Sure, for some specific topics it may be very hard to find content online, but don’t forget that a world outside the web exists with tons of sources, which can be easily collected and curated, as I explain in this video I had the pleasure to shoot for Distilled:
Finding Great Contacts for Link Building Outreach
This is almost a natural effect of the Content Curation.
To discover and share only the best content online (and offline) about your niche, puts yourself on the radar of the content creators, fact which can lead you to:
- Having them linking to your curated content.
- Establishing a contact with them, and possibly creating a collaboration with them.
- Creating the opportunity for the creation of original content with them.
To create original content based on the content you have curated can be an excellent method for obtaining links back too from the sources you cite and use.
Then, social curation content is maybe the best way to fulfill the objective of any RSS (Really Simple Stalking) plan, as it was described by Wil Reynolds at the last LinkLove conference.
Obtaining a Great Amount of Social Signals for Your Site (or Social Media Profiles)
Every well executed action of content curation tend to attract readers and to generate a great amount of social signals (tweets, +1s, likes…).
Just take as an example the "anti-Google" posts Aaron Wall writes from time to time on SEObook. They are a classic case of "Elevation Content Curation", as Aaron in those posts usually draft a more general trend or insight from a mass of daily musings, which he widely credits with links and citations.
Another example is what Expo Comic Mx did so to obtain better results from its Facebook page: to post a tender photoset featuring a happy Stormtrooper family using the photos of Kristina Alexanderson. That photo – a great example of targeted content curation you can see here below – has obtained more than 13K likes, 756 comments, and was shared more than 7,000 times nowadays.
Branding, ORM and Reference Traffic
The explosion of Pinterest, even though now it has evolved into a more complex social marketing tool, is a wonderful example of the benefits of being active and using Content Curation platforms.

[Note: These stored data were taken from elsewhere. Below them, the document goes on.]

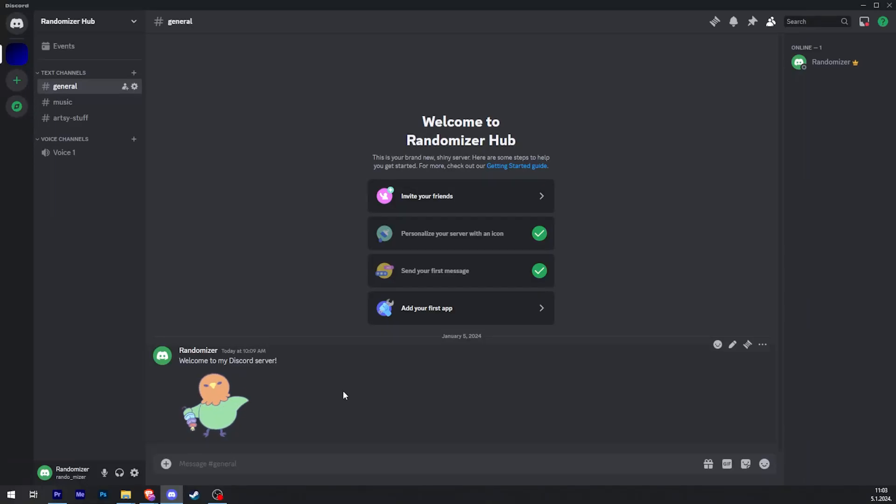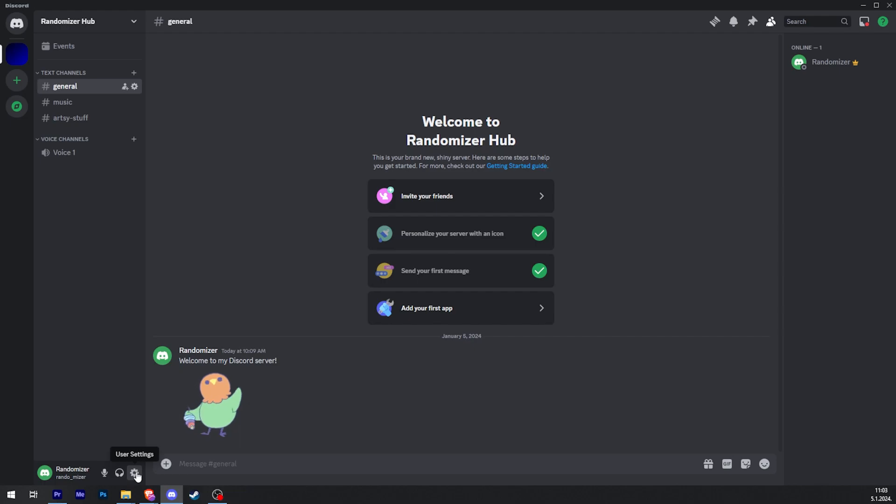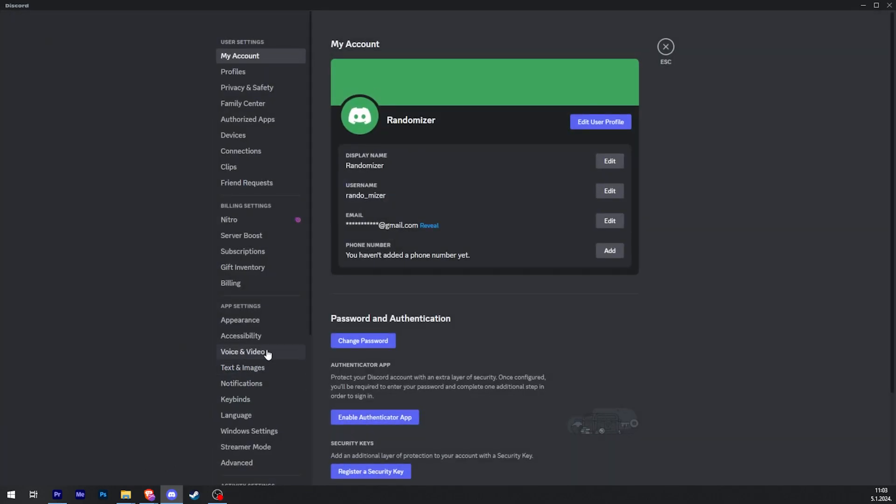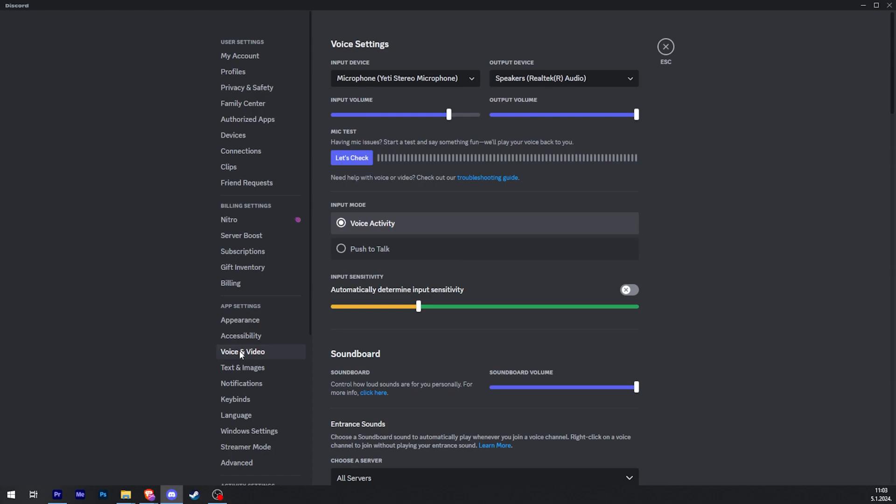If your mic is not working on Discord, you need to navigate to your user settings by clicking this cogwheel over here. Then you find voice and video and click on it.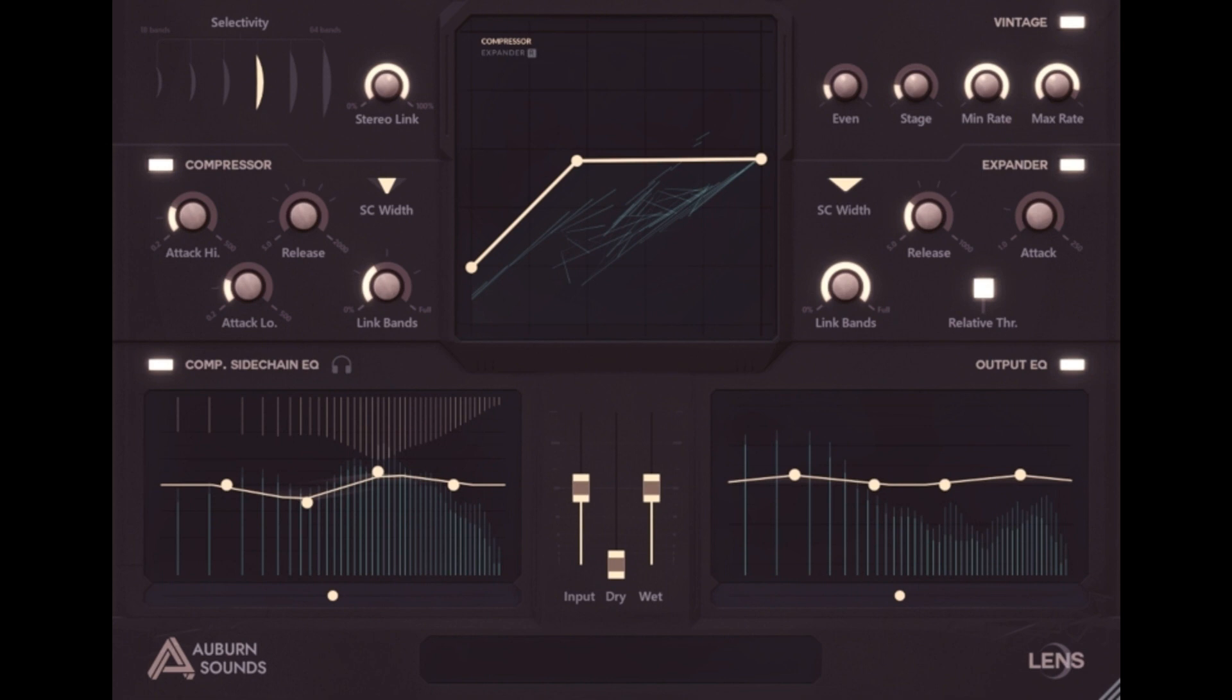Available now in two versions. Lens Free Edition lacks the Expander Section, $0. Lens Full Edition includes the Expander Section, $105, but $49.30 until September 20, 2022.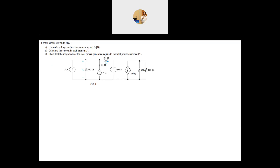This is a nodal analysis question and you have to use the node voltage method to solve for the unknowns. We need to find V_out and I_delta. First, we choose one node and select it as the ground. The best node is the one connected to the negative of the supply, because this allows us to know the voltage at other nodes. The voltage at the ground is zero.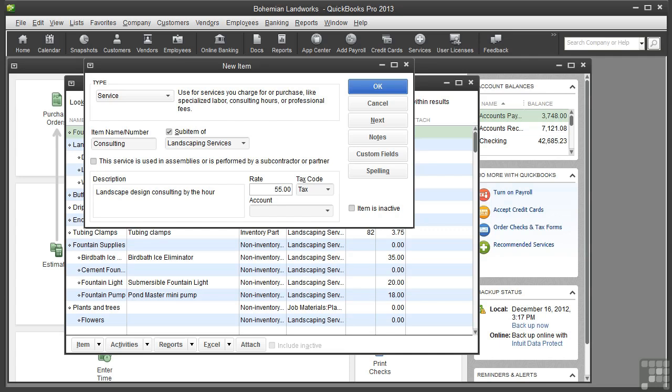Note that you could leave this rate blank, and when you use the item on an invoice, you can change the amount as needed.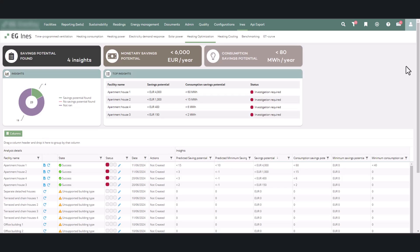EGE NESS estimates the savings potential with a prediction model based on a neural network trained with verified savings achieved after LeanHeat implementation.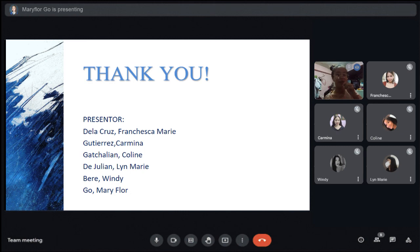This concludes our report about the Art of Emerging Europe. On behalf of Group 4, we would like to express our gratitude to our professor for supporting us in our subject.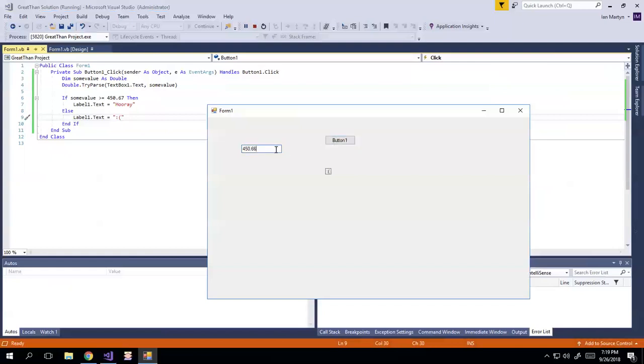So if I do one less or one more... I guess it was 450.67, right? So 450.66, 450.69, all right? Yeah, okay, cool. So that works. Success.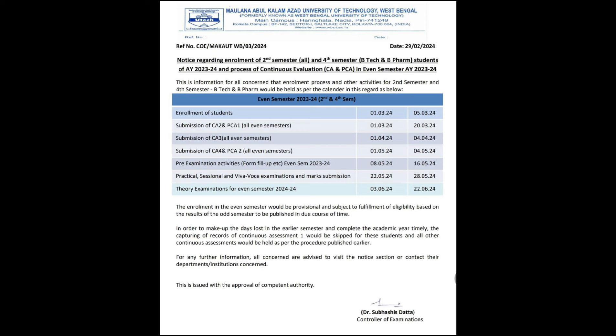The theory examination date is from 3rd June, starting on 3rd June and going till 22nd June. So you can see — you only have March, April, and May. You can't really count May fully either, meaning you have approximately 2.5 to 3 months to prepare for the final semester exam.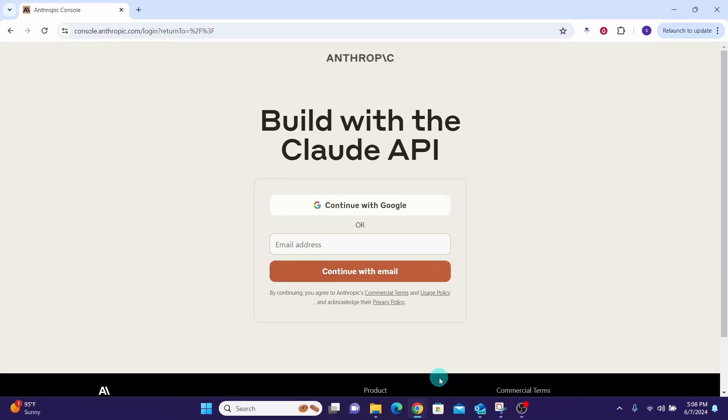In this video, we will see how to create an API key in Cloud AI. To start using Cloud via API, you will need to set up a console account and obtain an API key. An API key will allow you to integrate Cloud directly into your application and use cases.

Creating a qualified presence for your brand in those kind of sites, practicing a wise Content Curation activity, and being participative with other curators has been demonstrated as a relatively easy way to enhance the thought-out knowledge of a brand. It helps in dominating the SERPs for your brand name (which is great if you have Online Reputation Management issues), and it provides a constant flux of organic traffic to your site; traffic that – as happened with Pinterest – can become really big if those Curation Content sites you are using become widely known to the masses.
Finally, from a strict SEO point of view, the active use of the Curation Content sites helps in making of your site an Entity to Google's eyes, which is now essential in order to gain authority and relevance and not being considered just a minor presence in the web.
Becoming a Reference in Your Industry
Curating the best sources about your industry on your site and, especially, using your social media profiles as a medium to share your discoveries, can really help you in obtaining the objective of becoming – if not the – at least one of reference in your industry.
Again, the reason is quite easy to understand: if you share, comment, and credit only the best sources, then people will tend to look at you as an authoritative source of information, and the creators you cite will start desiring to be cited by you.
And we all know what does it mean to become an authoritative source, also for Google.